What you are asked to do: Print, without alteration, the lines that extend from the one holding "Vibia Duo 4870 ceiling lamp, graphite" to the final line of the listing below.

Data section:
··········

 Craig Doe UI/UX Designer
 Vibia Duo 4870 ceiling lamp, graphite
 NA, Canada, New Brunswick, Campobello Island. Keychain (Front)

··········

Task answer:
 Vibia Duo 4870 ceiling lamp, graphite
 NA, Canada, New Brunswick, Campobello Island. Keychain (Front)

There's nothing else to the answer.